Certains de ces effets négatifs peuvent être limités si une diversité des types d’acteurs est préservée sur les marchés obligataires, dont notamment la coexistence des PTF avec les teneurs de marché traditionnels. La capacité de ces derniers à traiter en principal prend en effet tout son intérêt lorsque le marché est plus volatil. Il est nécessaire pour cela que cette capacité ainsi que leur volonté d’agir ne soient pas contraintes à l’excès, qu’ils conservent des incitations à intervenir en continu et que la course aux progrès technologiques n’aboutisse pas à défavoriser cette catégorie d’intermédiaires. Il faut donc veiller à ce que les conditions de concurrence soient équilibrées entre ces différents participants de marché, qui sont aujourd’hui soumis à des niveaux de réglementations très différents.
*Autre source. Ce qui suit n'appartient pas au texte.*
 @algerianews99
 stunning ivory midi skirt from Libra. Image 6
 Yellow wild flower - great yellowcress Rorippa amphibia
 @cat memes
La gestion du risque par les plateformes électroniques constitue également un élément important pour que les innovations technologiques ne se traduisent pas par des risques opérationnels et financiers accrus. Cela inclut, par exemple, des dispositifs pour limiter la probabilité d’ordres erronés, notamment de gros montants, venant perturber le fonctionnement des algorithmes. En outre, certains des épisodes récents de forte volatilité ont montré l’importance de disposer de mécanismes de coupe-circuit (circuit breaker) efficaces et bien calibrés pour contenir l’apparition de phénomènes d’emballement auto-entretenus sur les marchés.
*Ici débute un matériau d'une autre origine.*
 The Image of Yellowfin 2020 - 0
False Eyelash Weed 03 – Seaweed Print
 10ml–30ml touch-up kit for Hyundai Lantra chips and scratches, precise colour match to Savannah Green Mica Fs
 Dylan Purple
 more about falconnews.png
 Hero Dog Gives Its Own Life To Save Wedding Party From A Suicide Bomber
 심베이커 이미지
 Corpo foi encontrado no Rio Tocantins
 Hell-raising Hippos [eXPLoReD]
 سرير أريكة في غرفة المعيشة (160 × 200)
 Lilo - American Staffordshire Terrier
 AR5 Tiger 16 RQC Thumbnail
Enfin, le développement du THF crée un défi en termes de transparence et de traitement des données, notamment pour les autorités en charge de la régulation et de la stabilité financière. Ce défi provient à la fois de la multiplication des plateformes de négociation, qui rend nécessaire une agrégation efficace des données, et de l’énorme quantité de paramètres à traiter, qui nécessite des investissements coûteux dans des outils de type big data. L’accès à leurs bases est par ailleurs encore trop restrictif de la part de certaines plateformes qui considèrent leurs données comme « propriétaires ». Des solutions pourraient être envisagées, permettant aux acteurs de marché et aux autorités de disposer d’éléments précis et exhaustifs qui viendraient alimenter les analyses et le suivi des conditions de liquidité des marchés sous-jacents, comme la création d’un entrepôt centralisé de données regroupant l’ensemble des transactions traitées sur les différentes plateformes.
Conclusion
Il est difficile d’estimer aujourd’hui quel sera finalement l’impact sur les conditions de liquidité des innovations technologiques qui affectent l’organisation et le fonctionnement des marchés obligataires. En accroissant la concurrence et donc en diminuant les marges sur lesquelles se rémunèrent les intermédiaires, la montée en puissance des plateformes électroniques et de l’activité de nouveaux acteurs qui poursuivent des stratégies particulières, comme celles relevant du THF, pourrait contribuer à réduire la portée des phénomènes de bifurcation et de fragilité de la liquidité de marché. Il faut pour cela que les effets positifs de cette évolution l’emportent sur les autres.
Dans cette perspective, il importe que les efforts engagés, tant par les pouvoirs publics11 que par le secteur privé, soient poursuivis. Ces efforts doivent viser à améliorer la transparence des marchés obligataires, à veiller à ce que les conditions d’accès et de trading sur ces marchés préservent la diversité des intermédiaires, à renforcer les capacités de gestion et d’absorption du risque de liquidité par tous les utilisateurs et à adapter la réglementation de façon appropriée pour tenir compte et encadrer, entre autres, le développement du THF.